Sri Lanka; It’s back with a bang, and stunningly so!

Image result for blast in sri lanka
Image credit: Ishara S. Kodikara, AFP

N Sathiya Moorthy  24 April 2019

Shocking, stunning, saddening and revolting as it is, the Easter Day ‘massacre’ – and that is the only way to put it – has added a ‘new element’ to the nation’s ‘terrorism history and vocabulary’. This is so even as Sri Lanka and neighbourhood were getting accustomed to a world without LTTE terror, and in the process, Sri Lankans in particular (and possibly alone) seem to have become lax and casual about security, even though the entire apparatus from the previous decade and more still remains mostly intact.

First and foremost, it is about the changing national psyche. More than possibly the citizenry, the political class, especially of the present-day ruling variety, was over-enthusiastic about shedding all symbols and shades of a nation ever-prepared to fight terror. This has had both a national and international dimension, where the Sri Lankan State and authorities were always called to prove their innocence, if at all, from the past, and their preparedness to shed more of the weight in the future, near and distant.

According to local media reports, Sri Lanka Army (SLA) chief, Lt-Gen Mahesh Senanayake submitted to Malcom Cardinal Ranjith, the head of the Catholic Church in the country, how the armed forces could not be expected to operate against terrorism without ‘legal cover’. It is not clear who initiated the meeting but it happened a day after the serial-blast and at the Cardinal’s residence.

The helplessness of the Church and the Cardinal, who had received former Defence Secretary Gotabaya Rajapaksa earlier, became palpable even more when he reportedly said that they would have called off the Easter Mass across the country, if only alerted. There are many Christian ministers, officials and politicians of all hues in the country, and that none of them was hurt — and Thankfully so — does not make the pain any less.

Ethnicity to religion

Yet, the ‘new element’ to the Sri Lankan terrorism vocabulary is this. Through the previous three decades, it was ‘ethnic terrorism’ of the LTTE kind. Now, it has acquired a ‘religious angle’ in the immediate Sri Lankan context.

The ethnicity-religion division, in practice and in official records, is rather confusing for outsiders. Tamil-speaking people of Sri Lankan origin (SLT) constitute a single, ‘Tamil ethnicity’ under the law and comprise all Hindus and Christians. ‘Muslims’, though mostly Tamil-speaking, are a single ethnic group. ‘Sinhaas’, comprising Christians who speak the language, and, of course, the nation’s majority Buddhists, form a third ethnic group.
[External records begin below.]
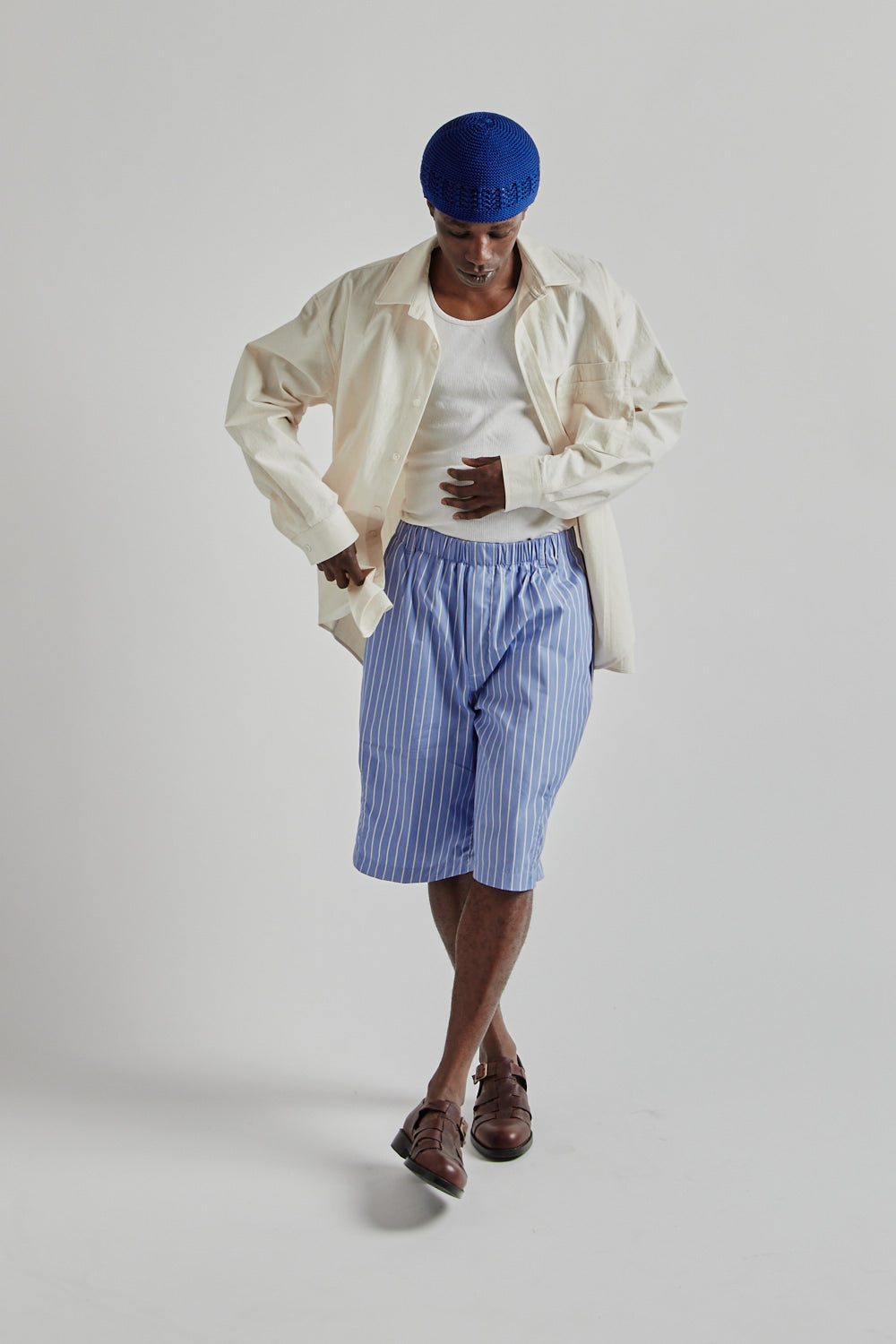 S.K Manor Hill SS25 Solar Short Blue White Stripes 10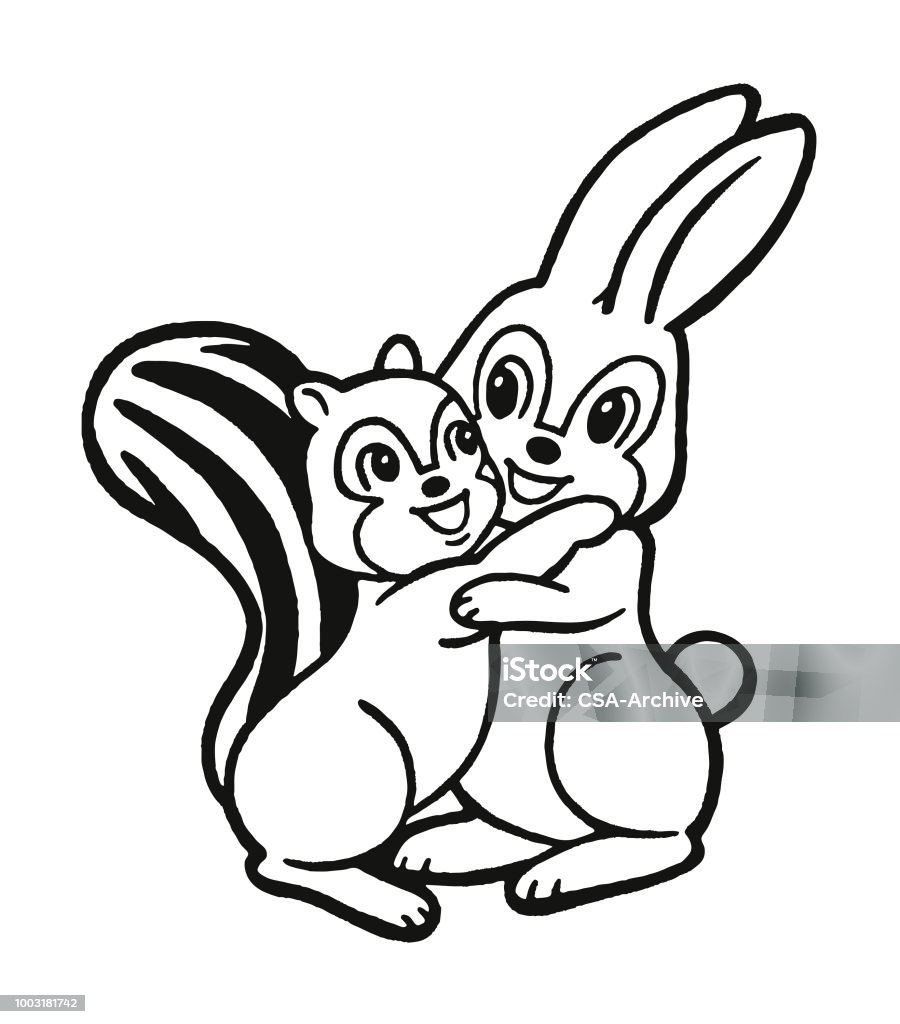 Rabbit and Chipmunk Hugging Rabbit - Animal stock vector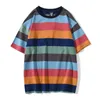 BOLUBAO Summer Harajuku T Shirt Male Striped T-Shirt Fashion Streetwear Men Skate Tee Shirts Slim Clothes 210518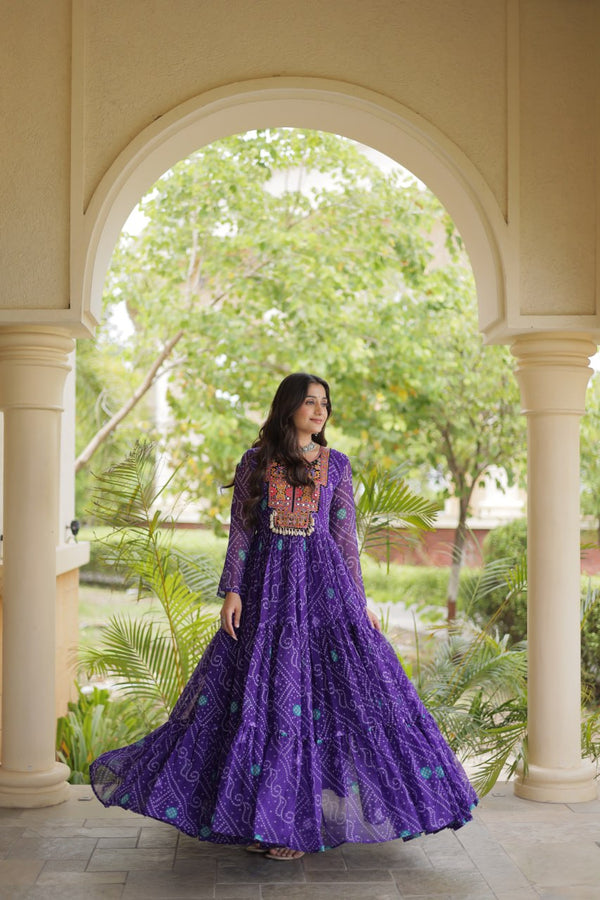 Purple Bandhani Print Gown ClothsVilla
Then there is a fourth one, comprising all ‘Tamils of recent Indian Origin’, or Upcountry Tamils, or ‘estate labour’ brought by the common British colonial rulers from across the Palk Strait, in India.

The ‘LTTE terror’ targeted the Sri Lankan State and harassed the Sinhala ethnic group, and targeted the community’s political leaders, if only to pressure the Government of the day to yield their demand for a ‘separate state’. It is another matter that the LTTE did not look at dissenting Tamils, including their most respected leaders of the time like Appapillai Amirthalingam, with any kindness. He too fell to their bullet, and point-blank, in his drawing room. His killers were his guests at the moment, invited to tea at his home.

The LTTE had purported reasons to target the island’s Tamil Muslim community, and they did it rudely and crudely so. Apart from the ‘Kathankudy mosque massacre’, they also got all Muslims in the North, to pack up and vacate with the dress they were wearing and with only Rs 200 or so in their pockets. All those that are still talking about returning ‘Tamil lands’ in the control of the armed forces, justice and monetary damages for the Tamil ‘war victims’ have no such caring word for the island’s Muslim community. That includes the community’s political class, who are ego-centric, selfish and divided.

The ‘LTTE terrorism’ was also in the making for the previous three decades in different forms and structures. The progress to what it became took that much time and effort to reach where Prabhakaran took the LTTE to. There were also perceived reasons and purported justification why the Tamils got upset with the Sri Lankan State and Government even before Independence, and how it only grew in the post-Independence era, to a stage when for not wholly justifiable reasons, the Tamil youth began taking to multiple militancy in the seventies.

If the ‘anti-Tamil pogrom’ of 1983 were to happen, it did happen. By then, the LTTE too was surely, even if slowly, was becoming a tormentor of fellow Tamil militant groups. The rest, as they say, is history. In the process, the Sri Lankan State apparatus also became wiser through that long period, and converted what was a ceremonial, rag-tag army, into one of the world’s greatest warriors against terrorism.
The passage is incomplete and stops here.